Aucun détail n’a été donné sur les raisons de ce limogeage. Mais d’après certaines sources, il y aurait un lien avec une affaire de détournement de fonds qui agite le ministère de la Défense depuis plusieurs mois. Une affaire qui relance par ailleurs le débat sur les erreurs au sein des appareils de sécurité qui fragilisent les armées face aux djihadistes.
Le colonel-major Boulama issa Zana Boukar serait impliqué dans l’affaire concernant des surfacturations et des contrats d’achat de matériels tels des hélicoptères, mais qui n’ont jamais été livrés à l’armée nigérienne.
La société civile nigérienne en alerte
Si cela se confirme, c’est la première tête qui tombe en lien avec cette affaire qui a fait perdre à l’Etat environ 100 milliards de francs CFA, soit quelques 15 millions d’euros.
Jusqu’ici, seuls des acteurs de la société civile nigérienne avaient été arrêtés suite à leurs dénonciations.
Parmi eux, Ali Idrissa. Le coordonnateur du Rotab (Réseau des organisations pour la transparence et l’analyse budgétaire) réagit au limogeage du chef d’Etat-major, Boulama Issa Zana Boukar en affirmant que « c’est un pas, un signal que le pouvoir a donné ».
Pour Ali Idrissa, la société civile nigérienne ne peut que se réjouir et continuer à suivre ce dossier.
« Et vous n’êtes pas sans savoir que Boulama, en dehors d’être un haut placé dans l’armée nigérienne, est un des très proches du président de la République, par sa famille. Donc si le pouvoir de Niamey accepte de se séparer de Boulama, nous pensons bien que c’est un signal fort », pense le coordonnateur du Rotab.
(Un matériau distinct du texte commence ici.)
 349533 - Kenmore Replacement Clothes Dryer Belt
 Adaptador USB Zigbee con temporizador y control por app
Les maux qui minent les armées
Des soldats sans motivation qui n’ont pas envie de se battre. Des armées affaiblies par la corruption. Les critiques visant la plupart des armées de la région sont fréquentes.
En Côte d’Ivoire, l’arrestation du chef d’escadron de la gendarmerie de Kong, dans le nord du pays, suscite des interrogations. L’officier aurait livré des informations stratégiques à des forces ennemies en pleine offensive conjointe anti-djihadiste entre la Côte d’Ivoire et le Burkina Faso.
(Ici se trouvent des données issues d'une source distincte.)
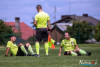 1252IMG_3464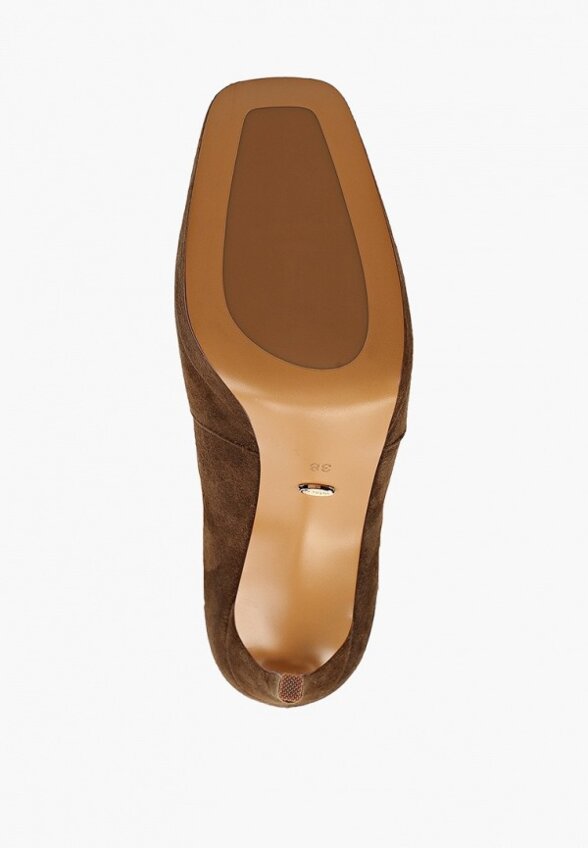 Ботильоны Vitacci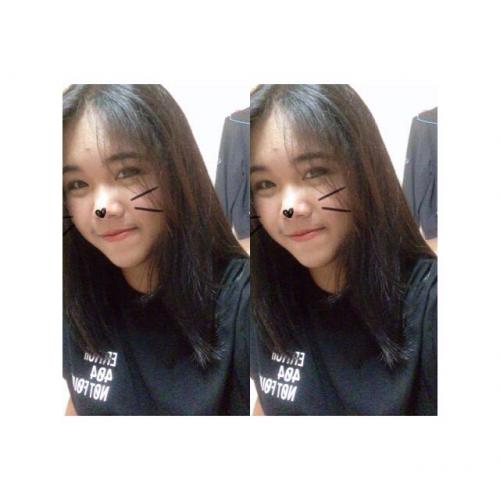 สมาชิกหมายเลข 4432564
Même si le ministère ivoirien de la Défense se réserve de commenter ce sujet, les propos ce week-end du chef de l’armée, Lassina Doumbia, exhortant ses hommes au professionnalisme et à la rigueur, ne sont pas anodins.
Joseph Titi, directeur de publication du quotidien ivoirien « Aujourd’hui » précise que « le chef d’escadron de la gendarmerie de Kong est un ex-rebelle intégré dans l’armée à l’occasion de la formation de la nouvelle armée. La Côte d’Ivoire a eu pas mal de problèmes avec cette armée qui est souvent incontrôlée. Donc, quand le général appelle ses éléments à être plus professionnels, je ne peux pas dire mieux que ce qu’il dit ! »
Offensive militaire fructueuse
Selon le chef de l’armée ivoirienne, ce sont des actions djihadistes survenues à moins de dix kilomètres de la frontière ivoiro-burkinabè qui ont provoqué l’offensive des deux armées.
Une offensive qui aurait abouti à ce jour à l’arrestation d’une trentaine de djihadistes, le décès d’une dizaine d’autres et la saisie de matériels militaires et informatiques ainsi que du matériel roulant.